Tuesday, March 17, 2009

Happy St. Patrick's Day

I'm going to touch on the Lake George theme, but focus today on some American Irish history, something warm for my NYC friends to think about as we walk home tonight through the puke of a thousand tourist fratty assholes.

The first 200 or so years of colonial American history are filled with a lot of religious tension. The reformation was still fairly young, and sentiment toward Catholics among settlers was strongly negative. The ill feelings had tempered since the publication of the Geneva bible (a mere 60 years before the establishment of the Plymouth colony), a time when it was widely believed among protestants that the end times were near and that the pope himself was the anti-christ. James the First had replaced the Geneva Bible with, of course, the King James version, and established diplomatic relations with a number of Catholic countries (Puritans and Puritanism in Europe and America By Tom Webster, page 304). But the Puritans, being “the hotter sort of protestants,” (Webster, 305), maintained the belief that the Pope was the Antichrist.
The Pope and Catholics in general were the embodiment of evil in the eyes of the Puritans, and the French and their Native American allies were agents of the devil, attacking the godly New England colonies.
But in non-Puritan English colonies (Pennsylvania, Virginia, North Carolina), Catholicism was tolerated among Irish settlers, who formed largely forgotten and often unfairly maligned settlements of their own on the frontiers of the east coast. (The Scotch-Irish in America, by the Scotch-Irish Society of America, 1901).

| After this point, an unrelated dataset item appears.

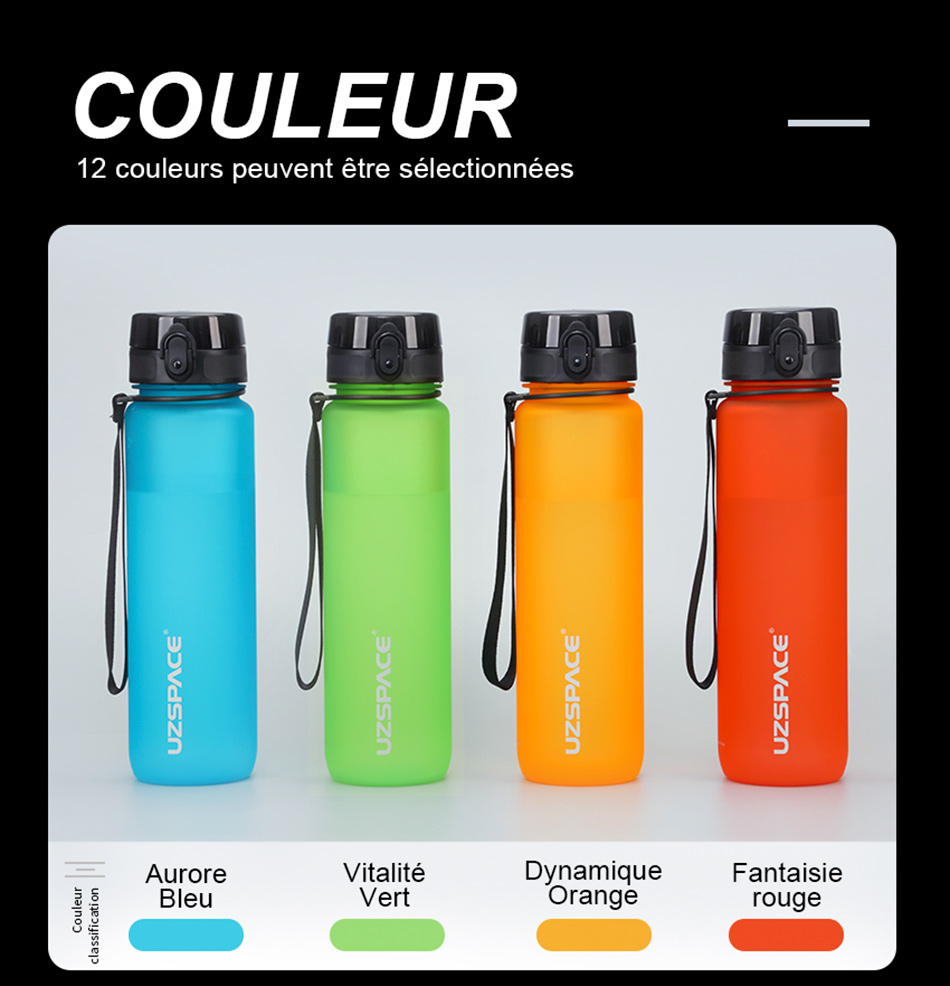 Le nouveau Bouteille d'eau de sport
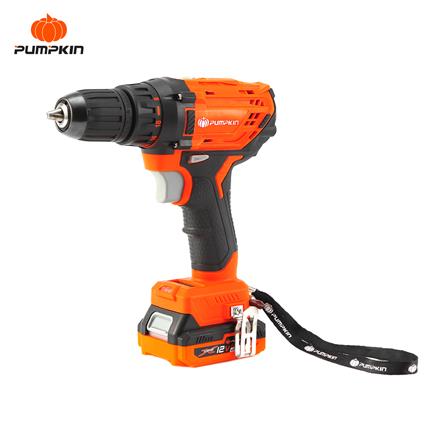 สว่านกระแทกไร้สาย (พร้อมแบตเตอรี่) PUMPKIN XT-10DB 50272 12 โวลต์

The French and Indian war, however, brought tensions between Irish Catholic settlers, subjects in an English colony, and their protestant government to a head. Irish men were drafted to fight along side Englishmen who considered their faith to be evil and, in some colonies, illegal. Some Irish soldiers moved to Canada of their own free will and joined the Catholic French army, while others chose to remain in Canada and fight for the French after capture. Therefore both the French and English had Irish battalions. (The Catholic Encyclopedia, by Charles George Herbermann, page 148).

Many Irish remained thereafter in the province of Quebec, and that is why my maiden name is Barry.

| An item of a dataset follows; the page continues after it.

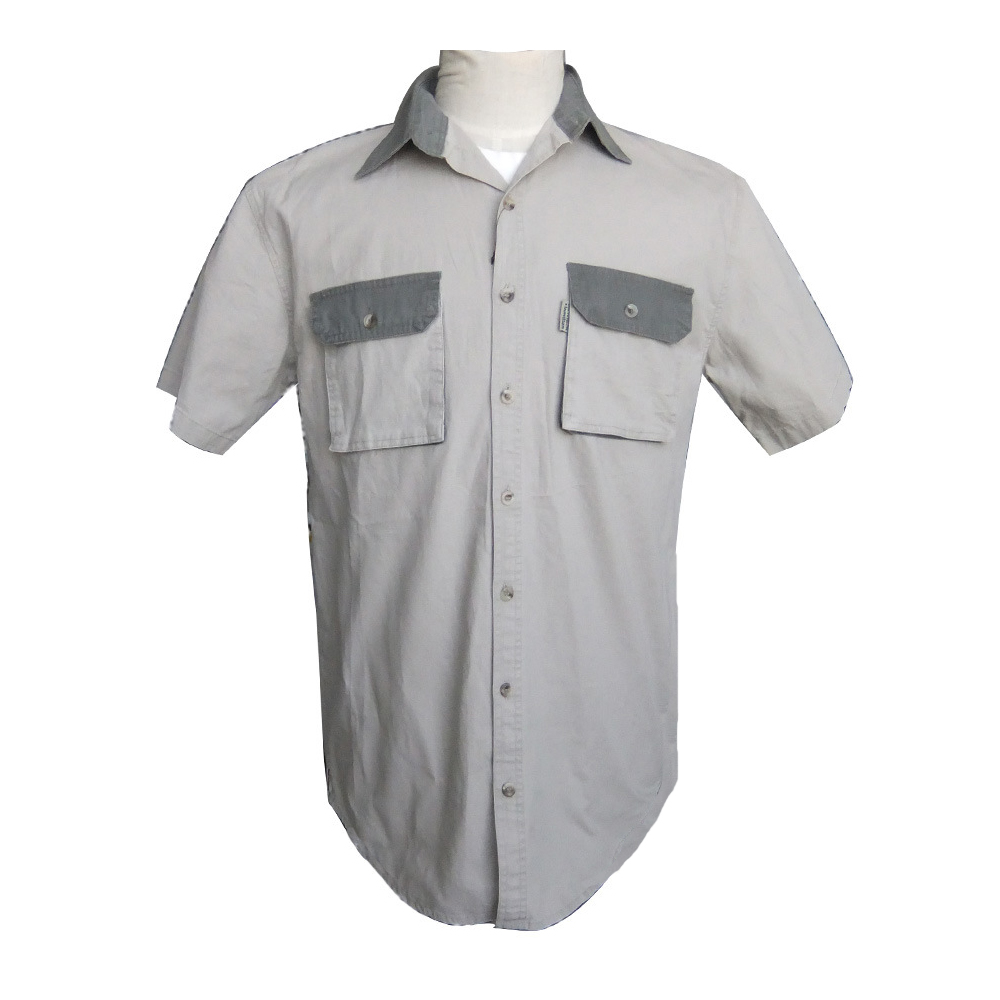 Brushed Cotton Shirt - Men’s Short Sleeve Work Shirt – Hantex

Relations between English and Irish soldiers fighting on the same side however could easily be improved with the employment of alcohol. On St. Patrick’s Day in 1757, the Irish soldiers at Fort William Henry on Lake George “were paying homage to their patron saint in libations of heretic rum, the product of New England stills; and it is said that John Stark’s Rangers forgot theological differences in their zeal to share the festivity. The story adds that they were restrained by their commander, and that their enforced sobriety proved the saving of the fort. This may be doubted; for without counting the English soldiers of the garrison who had no special call to be drunk that day, the fort was in no danger until twenty-four hours after, when the revelers [sic] had had time to rally from their pious carouse.” (Montcalm and Wolfe, by Francis Parkman, 1884). Parkman fairly revises the telling of the story, which implies that the drunken Irish could have been responsible for the downfall of the fort, had a good English officer not stepped in and kept them from being a bad influence.

The Fort was not taken on March 18, 1757, the attack being thwarted by responsible, sober watchmen who heard the French troops coming across the ice in the night.

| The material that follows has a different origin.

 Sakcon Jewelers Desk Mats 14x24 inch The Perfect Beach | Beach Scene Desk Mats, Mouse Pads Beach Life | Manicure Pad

St. Patrick’s day was also used by the British army to recruit Irish immigrants during the revolutionary war. In New York City in 1779, Catholic “Volunteer” soldiers marched to the Bowery for a St. Patrick’s day feast in an effort to encourage Irish enlistment (The Wearing of the Green, by Mike Cronin and Daryl Adair, 2006, page 11).

I’m going to continue to research this as I know very little about the Irish presence in America before the great migrations of the 19th century.

Happy St. Patrick’s Day! Don't die in a boating accident!